Lors d'une conférence prononcée à Paris, devant l'Institut français des relations internationales (IFRI), le 15 novembre 2000, M. Erkki TUOMIOJA estimait ainsi : « Le modèle de coopération renforcée pourrait se montrer utilisable si l'on voulait aller plus loin dans le domaine de la Défense dans le cadre de l'Union ». En revanche, il assurait avec scepticisme : « L'Eurocorps présente, à mon avis, un exemple de coopération qui n'apporterait aucune plus-value à l'Union. Par contre, la coopération dans le domaine des industries de défense pourrait être incluse dans les structures communautaires de telle sorte que tous ceux qui désirent y participer puissent le faire ». Bien plus, il concluait sans complaisance : « La Défense commune, semble-t-il, est une question d'ambition pour ceux qui voudraient voir l'Union européenne devenir une superpuissance (...). Citoyen d'un petit Etat, il m'est difficile de voir quelque chose de positif dans cet objectif . Si l'on considère à l'heure actuelle à juste titre que la trop forte domination d'une seule superpuissance pose des problèmes, il ne s'agit pas de résoudre ceux-ci en créant une nouvelle superpuissance à son côté, mais il faudra plutôt établir un ordre international dans lequel le comportement traditionnel d'une superpuissance n'a plus ni sa place ni son utilité ».

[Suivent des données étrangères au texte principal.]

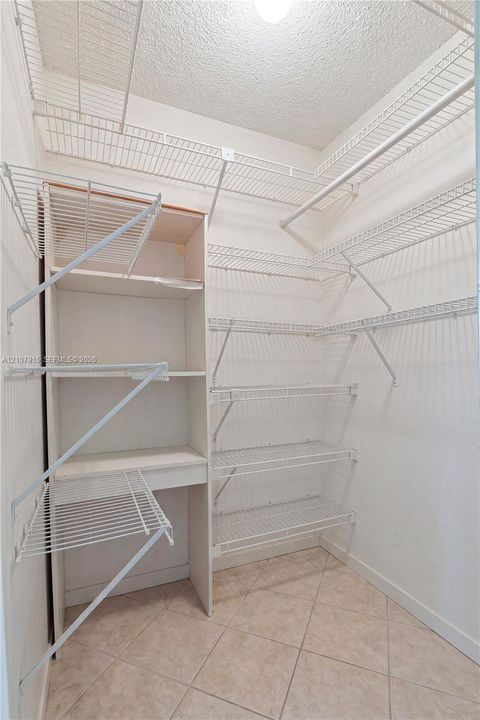 Storage area featuring built-in vertical shelving, multi-level wire rack organizers, and tile flooring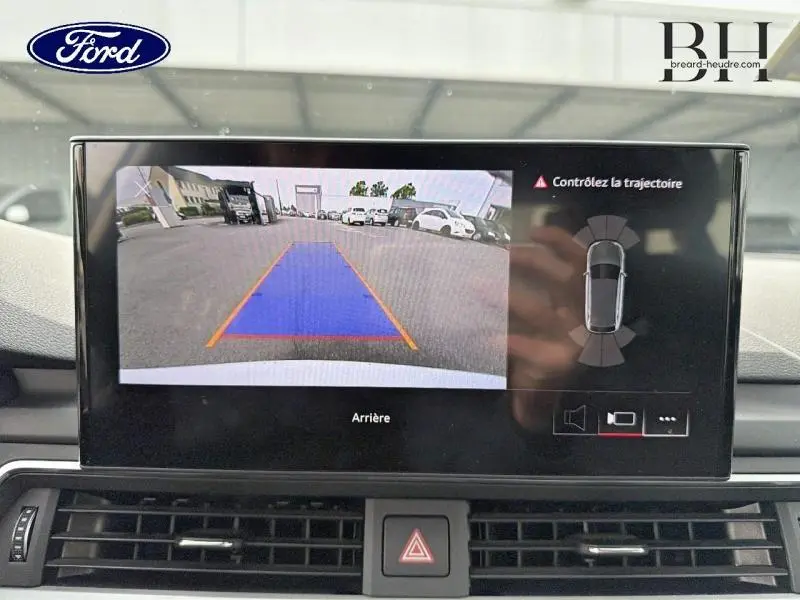Écran intérieur affichant la caméra de recul et l'aide au stationnement d'une Audi A4 Avant blanc glacier, vue de face.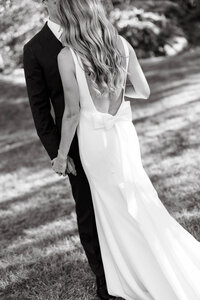 Photo of groom hugging bride taken by Portland Maine wedding photographer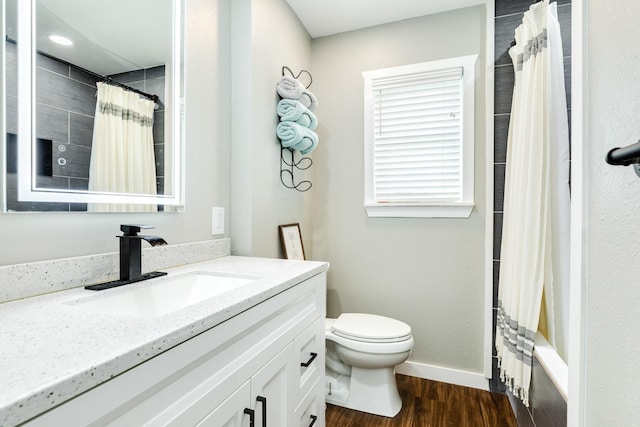 2735 County Road 208, Danbury, TX 77534 - bathroom with toilet, wood finished floors, vanity, baseboards, and shower / tub combo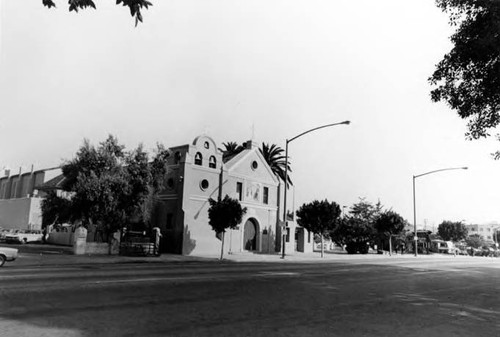 Plaza Catholic Church looking northwest. Campo Santo parking lot and Main Street are shown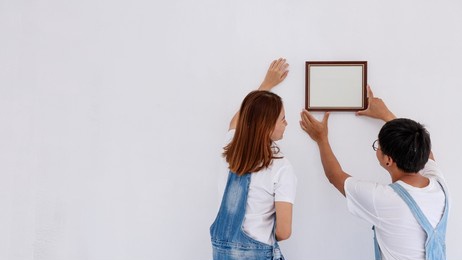 portrait of asian couple in bear suit  put picture frame on white wall in new apartment, renovation concept 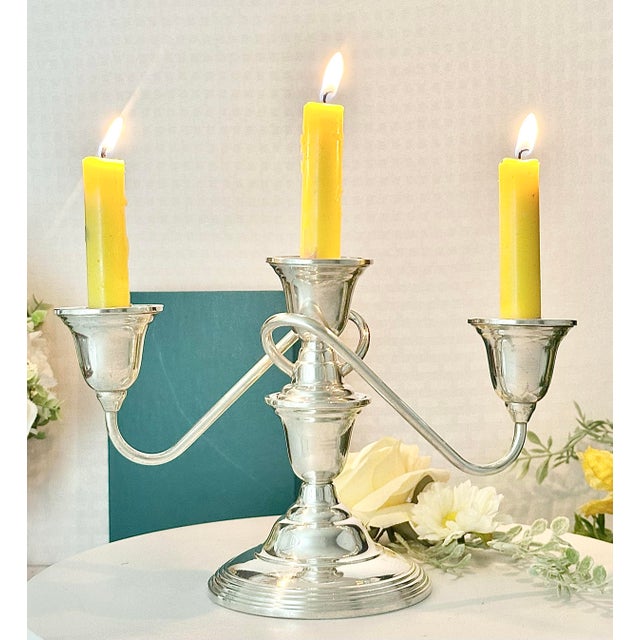 Elevate the ambiance of any dining or living space with the WM Rogers Sterling Candelabra. This exquisite 3-arm candle...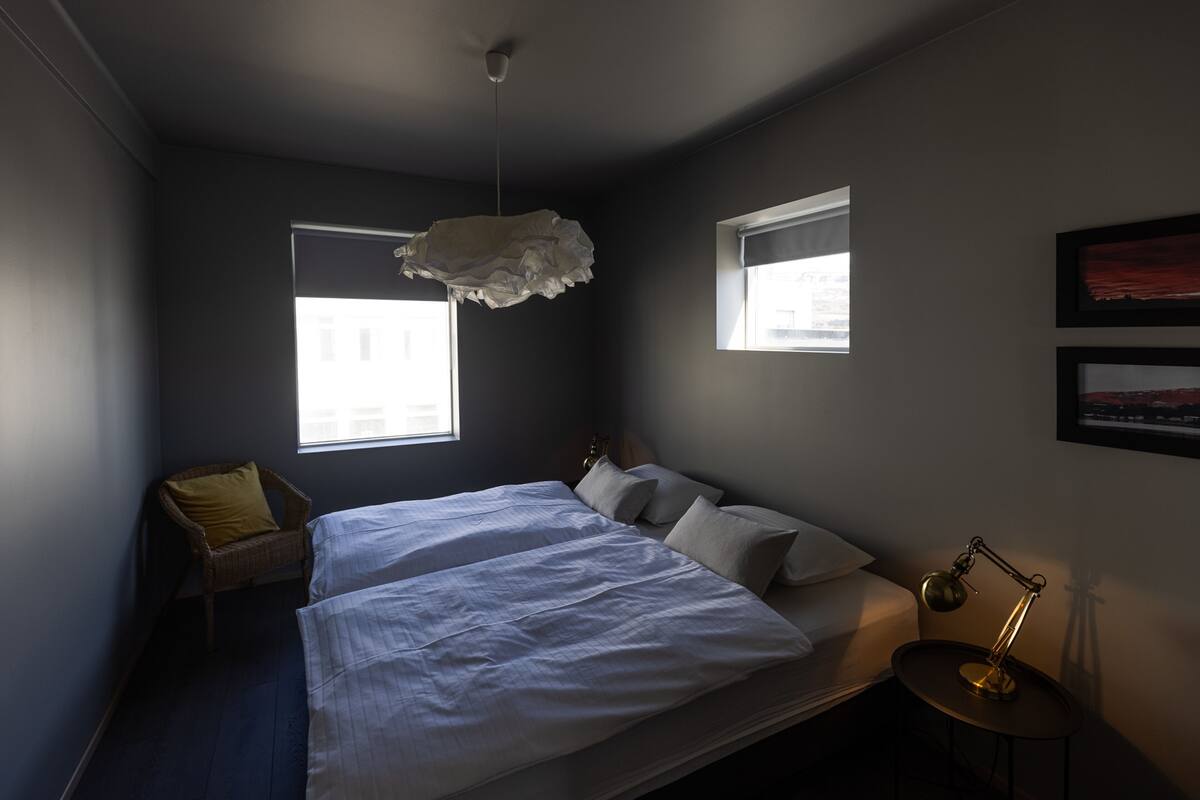 A bedroom with two beds, a hanging light fixture, a window, and a desk with a lamp.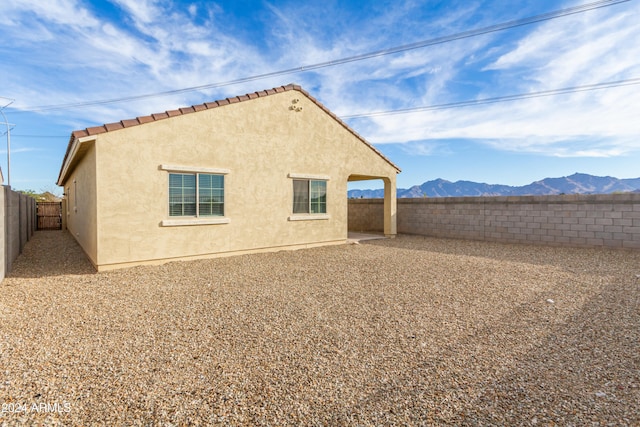 back of house with a mountain view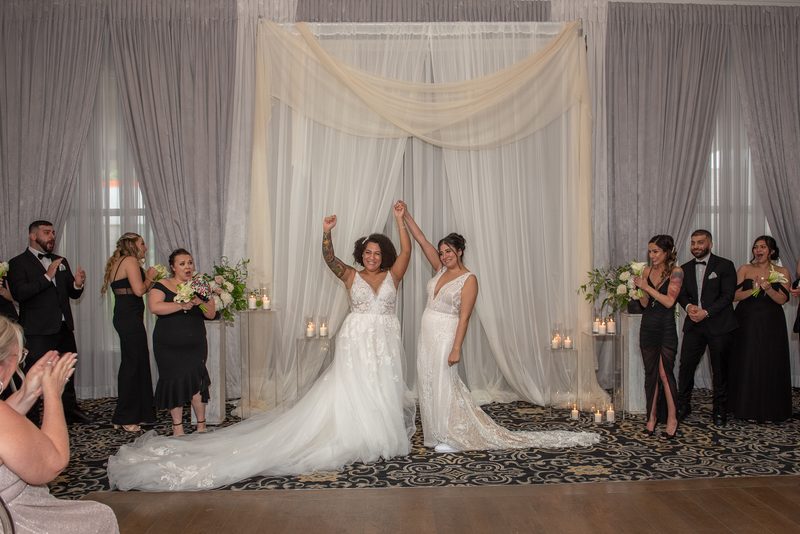 Two brides celebrate with raised arms at a wedding ceremony surrounded by smiling guests in formal attire.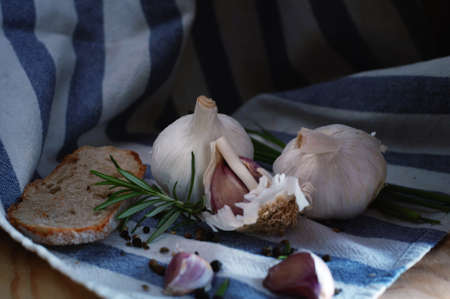 garlic black bread rosemary on a towelの写真素材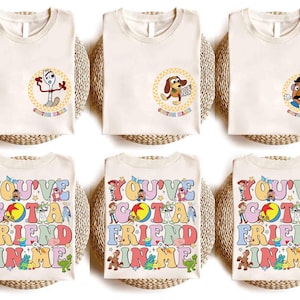 Op de afbeelding: Zes cr&egrave;mekleurige t-shirts met kleurrijke graphics. De bovenste rij heeft karakterontwerpen in cirkels, terwijl de onderste rij de tekst "YOU'VE GOT A FRIEND IN ME" in een retro lettertype weergeeft, met verschillende karakterillustraties.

Sur ces bases, la Finlande semble soucieuse de prendre une part active aux travaux de la politique européenne de sécurité et de défense (PESD), en axant ses centres d'intérêt sur la prévention des conflits et la gestion des crises, notamment dans leurs aspects non militaires . Elle refuse toute militarisation de l'Union européenne et n'aime pas le concept d' « intervention ».

De même, une adhésion à l'OTAN n'est pas encore à l'ordre du jour, mais il n'est pas exclu que le Gouvernement actuel soit tenté de mener une politique plus volontariste à l'égard de l'Alliance atlantique, au-delà de son ferme engagement dans le partenariat pour la paix.

G. L'ENTRÉE DANS L'ESPACE « SCHENGEN » EST D'ACTUALITÉ

A partir du mois de mars 2001, la Finlande sera partie intégrante de l'espace régi par les accords multilatéraux de Schengen en matière de franchissements frontaliers. Elle a satisfait à tous les contrôles menés sur ce sujet en 2000. Sa résolution de se montrer un exécutant exemplaire des accords de Schengen ne semble faire aucun doute.

Il a été donné à la délégation de s'entretenir de ces sujets avec le commandement des gardes-frontières de la province de Laponie qui relève du ministère finlandais de l'Intérieur mais dont l'organisation revêt un caractère militaire.

Le dispositif qui comprend des postes de douane, des patrouilles, le recours à des hélicoptères et, en cas de crise, à des réservistes semble fiable. La coopération avec les forces équivalentes de Norvège et du Suède semble bien assurée.

L'analyse des risques dans les années à venir laisse toutefois présager un fléchissement du dispositif du contrôle frontalier du côté russe, induisant une porosité accrue de la frontière commune, notamment face à l'immigration illégale de ressortissants (notamment Moldaves, Tamouls, Bengalis ou ressortissants de l'ancienne Yougoslavie) non seulement dans la zone de Viborg mais aussi au Nord.